M. Ferland (Eric) : Mais non, écoutez, vous comprenez ce que je veux dire. Ce que je veux dire, c'est qu'il y a une certaine chasse aux sorcières. Il y a des cas qui sont répréhensibles, il faut les contrôler, mais il ne faut pas penser que l'ensemble de l'industrie se comporte de cette façon-là, M. le député. Je pense que c'est ça, mon point.

M. Caire : J'entends ce que vous me dites puis je peux témoigner du fait qu'il y a dans les firmes de consultants une grande majorité de gens honnêtes désireux de servir leurs clients. Ceci étant dit, je pense que, comme législateurs, on ne peut pas fermer les yeux sur le fait qu'il y a aussi eu là-dedans des gens mal intentionnés, et ces cas-là ont été répertoriés. Et ce que le législateur doit faire maintenant, c'est, à travers l'AMP, de s'assurer que ces pratiques-là, qui sont répréhensibles — puis je suis convaincu que vous les trouvez tout aussi répréhensibles que moi — cessent.

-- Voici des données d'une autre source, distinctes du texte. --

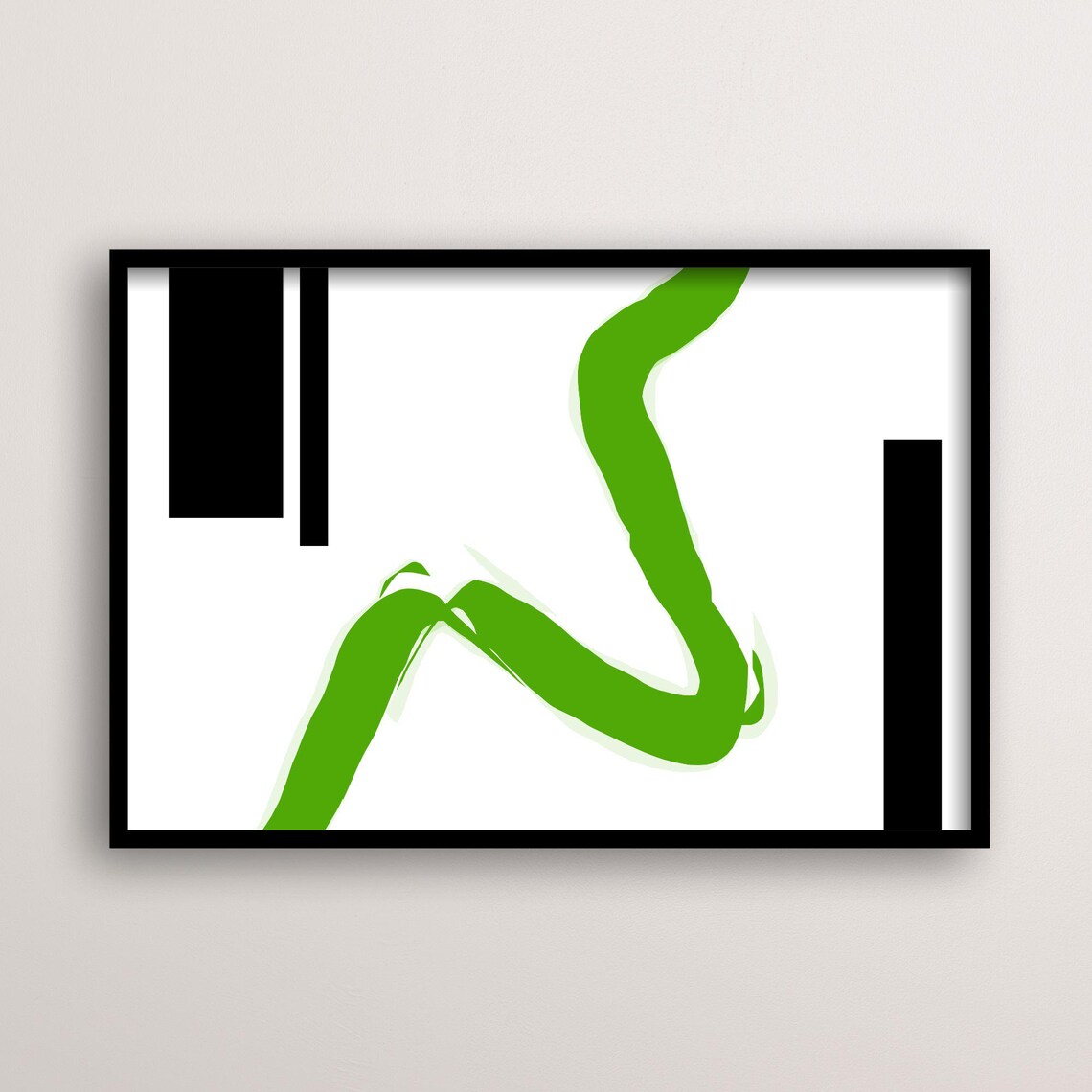 Abstract Minimalist Green Art Print, Zen Decor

Et simplement expliquer et profiter de votre intervention pour expliquer que je pense qu'on ne peut pas accepter le fait que des gens fassent des représentations à un comité de sélection dans le but de les influencer, dans le but d'obtenir des mandats. Ces pratiques-là, on les a vues, on sait où est-ce que ça nous mène. Et non seulement je pense qu'on ne doit pas faire attention à ça, mais on doit aller aussi loin que possible pour s'assurer que ces pratiques-là cessent parce qu'elles ont, justement... elles ont nui à l'industrie. Et, si l'industrie traîne une mauvaise réputation, bien, c'est parce qu'il y a quelques pommes pourries qui ont eu des pratiques comme celles-là puis qui, à ce jour, n'en ont pas encore subi les conséquences, soit dit en passant. Donc, je pense que vous devriez nous encourager dans cette voie-là, justement pour que l'industrie puisse sortir blanchie de cet exercice-là.

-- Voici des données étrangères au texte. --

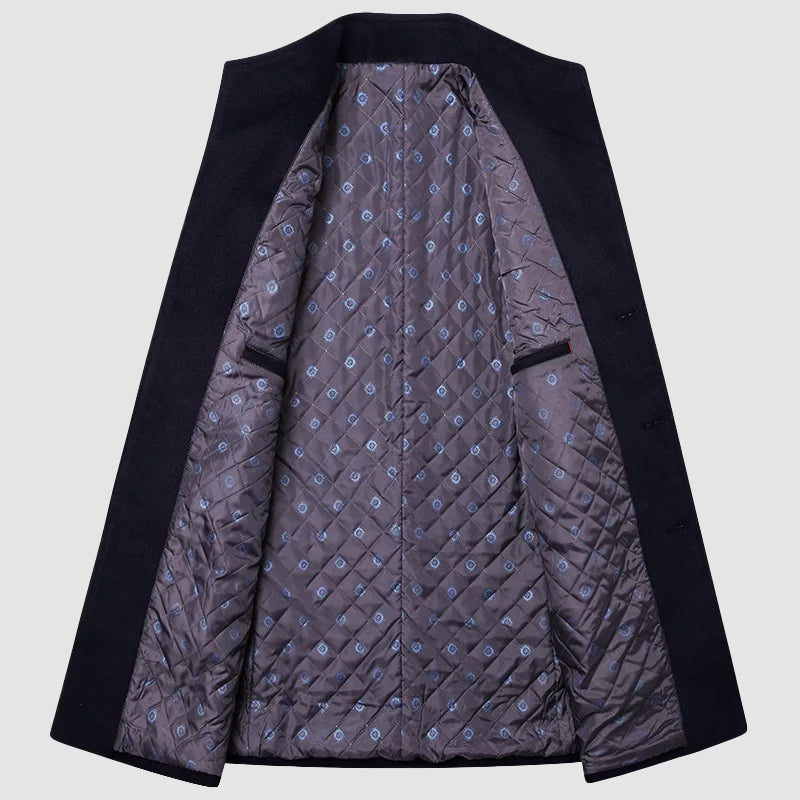 Men's gray wool blend overcoat with soft durable finish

Le Président (M. Bernier) : Un court commentaire.

M. Ferland (Eric) : Oui. Bien, écoutez, nous, on est d'accord avec ce qui se dessine au niveau de l'AMP. L'esprit que vous décrivez, c'est, je pense, ce qui est visé notamment par la mise en place de l'Autorité des marchés publics. On est totalement en accord avec l'esprit. Tout ce qu'on veut s'assurer, c'est que, dans les modalités, il n'y ait pas des situations déplorables parce qu'il y a eu des excès dans l'interprétation et dans l'application de la loi ou des règlements. C'est simplement notre point, et puis qu'on parle des réussites, qu'on parle des succès dans les TI au gouvernement, qu'on cesse de parler des dossiers qui ont été plus difficiles, qu'on cesse de parler des situations qui existent puis...

Le Président (M. Bernier) : Merci.

M. Ferland (Eric) : Voilà.

Le Président (M. Bernier) : Merci, M. Ferland, M. Pilote, de votre participation à la Commission des finances publiques. Écoutez, merci aux collègues qui ont participé à cette séance de travail aujourd'hui.

Je lève la séance, et la commission ajourne ses travaux au jeudi 22 septembre, où elle poursuivra un autre mandat. Je lève la séance.